When Greg Leland was the head coach of the Sierra High School football program just making the playoffs would have fulfilled a dream.
At the time that he founded Manteca’s newest high school’s program in the mid-1990s, the Valley Oak League was rife with dominant teams like Oakdale, Sonora, West, Tracy and Los Banos.
And only two teams out of the league of eight would be represented after Week 10.
On Saturday he joyously watched from the sidelines at Elk Grove High School’s Thunder Field as the program that he started eclipsed a milestone that was two decades in the making: bringing home a CIF Sac-Joaquin section championship banner.
While he was spotted the week before enthusiastically running up and down the sideline, Leland was much more reserved on Saturday night as the Timberwolves dismantled the Liberty Ranch Hawks 42-0, sporting an ear-to-ear grin as he watched head coach Jeff Harbison get bathed in two icy buckets of water. When Leland, now Sierra’s vice principal, was promoted to athletic director he hired Harbison as his replacement to lead the football program.
While some Manteca Unified schools were able to make the playoffs within a few years of their formation – including most recently Lathrop – it took Sierra more than a decade.
The VOL, which has significantly changed since Sierra High School opened, underwent a massive period of population growth that required one-town schools to split.

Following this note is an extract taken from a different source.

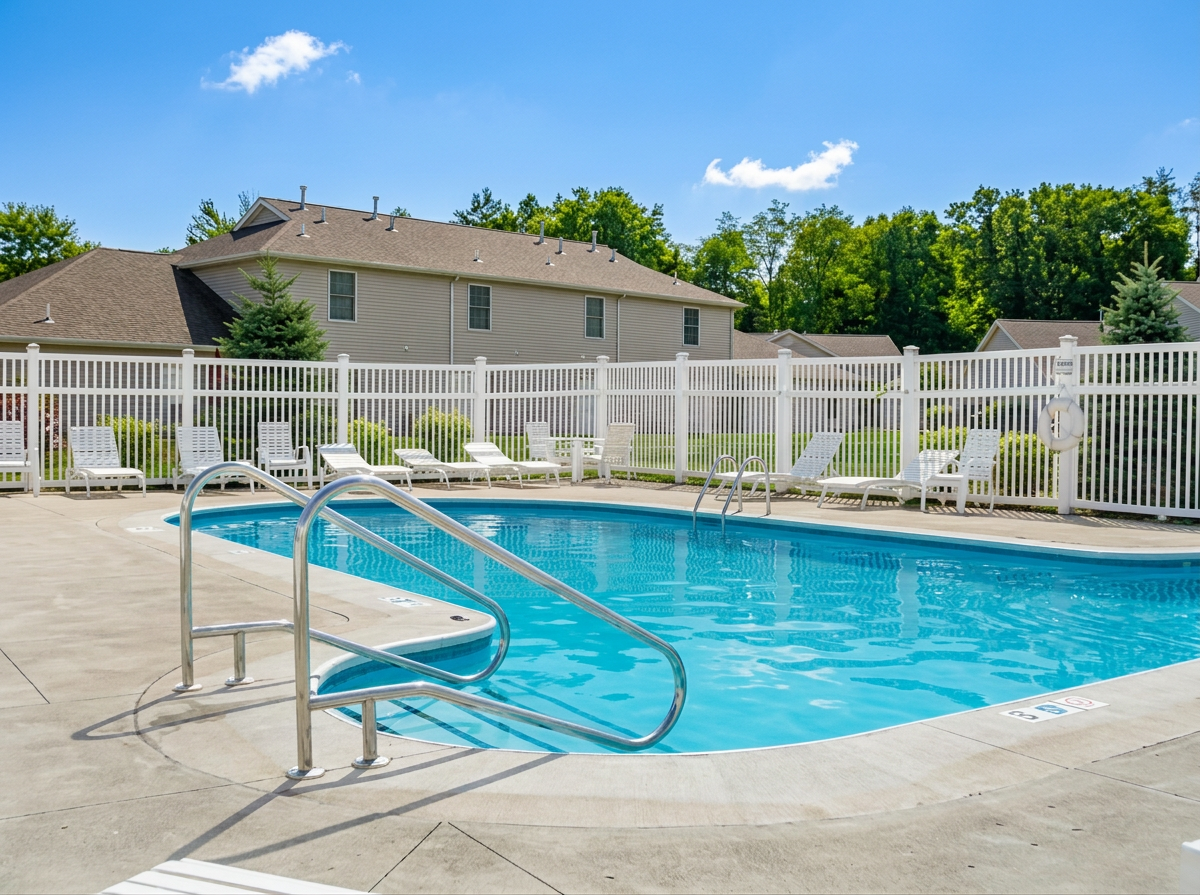 Outdoor swimming pool with white fence, metal handrail, and apartment buildings under a blue sky.
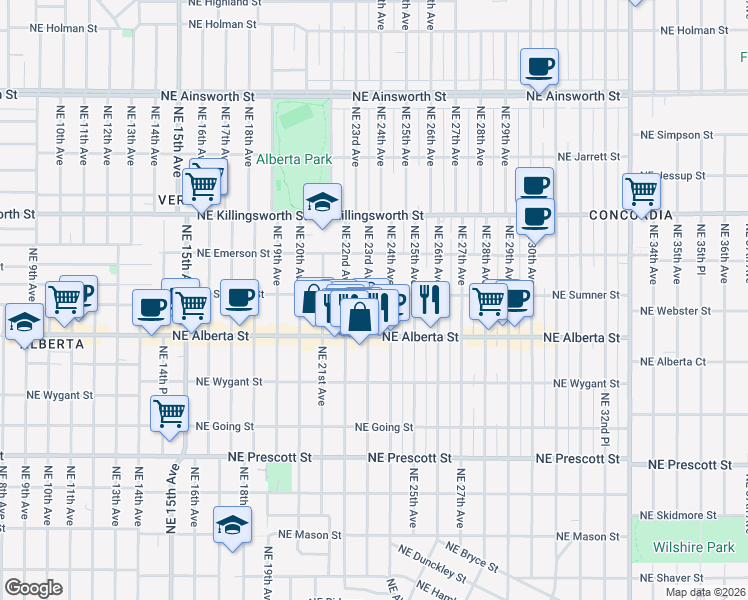 map of restaurants, bars, coffee shops, grocery stores, and more near 5138 Northeast 23rd Avenue in Portland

Other towns saw their enrollment decline, and before long the recognizable landscape was no more.
And changes in the CIF Sac-Joaquin Section playoff implementation system opened the door for teams overall records to be factored into tournament-style seeding instead of basing everything off of league finishes.

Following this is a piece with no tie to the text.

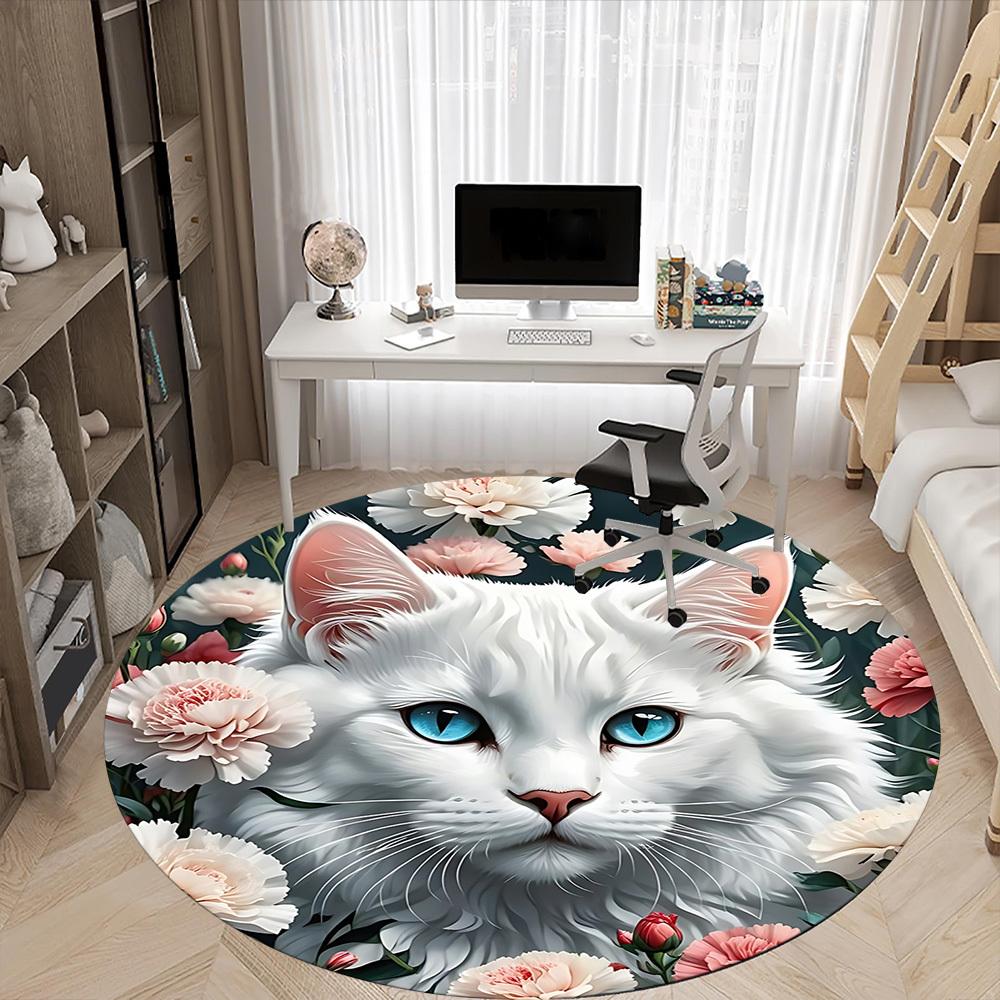 1 Stück Florales Katzenmuster Stuhlteppich für das Büro Maschinenwaschbarer Teppich für das Büro, Gutes Geschenk für Familie oder Freunde yy251225211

And those changes led to new scenarios.
This was the first year in the history of Manteca high school football that two schools within the same district could have won section banners at different levels.
Some people will say that these are technicalities, and that the old system was the best way of determining who the best teams actually were.
But don’t forget that Sierra High School was the Valley Oak League co-champion last season, and the things that the other, older schools within the league, the Oakdales and the Mantecas, claim as being their biggest asset – tradition – are starting to shine through brightly for “the blue school.”
On Saturday night there were to players on the field whose fathers went to Sierra High School – Scott Teicheira and Tim Brown – which shows that Sierra has grown up enough to be multi-generational.
Both of the players made tremendous plays to get Sierra its first section football banner. Assistant coaches Ryan Teicheira, Andrew Panigada and Justin Silva are former players. That shows that a legitimate program has been established where those that go through are willing to come back and dedicate themselves to something that they obviously love. Also celebrating the championship is athletic director Anthony Chapman, a former student-athlete and coach at Sierra.
The era of Jeff Harbison has been a great one, and a productive one. And he’s done something that no other school in Manteca history – other than the one bears its namesake – has done.
But I think that Leland – who coached Sierra to a 6-4 record both my junior and senior year, which would be good enough to make the playoffs in the current format – helped the plant the seed for what the school would grow to become.
There have only been two head football coaches in the more than 20 years that it  has been open, and I think that both of them, on Saturday, had a reason to smile when that banner finally made its way onto the field in Elk Grove.
Leland represents the past, Harbison the current, and somebody else the future – but denying that the team arrived on a bitterly cold evening in southern Sacramento County does an injustice to the men who worked hard to get to where they currently find themselves.
Right now that is as CIF Sac-Joaquin Section Division IV champions, and in two weeks they’ll be vying to for a spot in the California Interscholastic Federation State Bowl Game series.
Sierra, a state champion? Time will tell.
But the shockwaves that their Saturday win sent through the local football community announces one thing – they’ve reached the top of the mountain.
And nobody can ever take that away.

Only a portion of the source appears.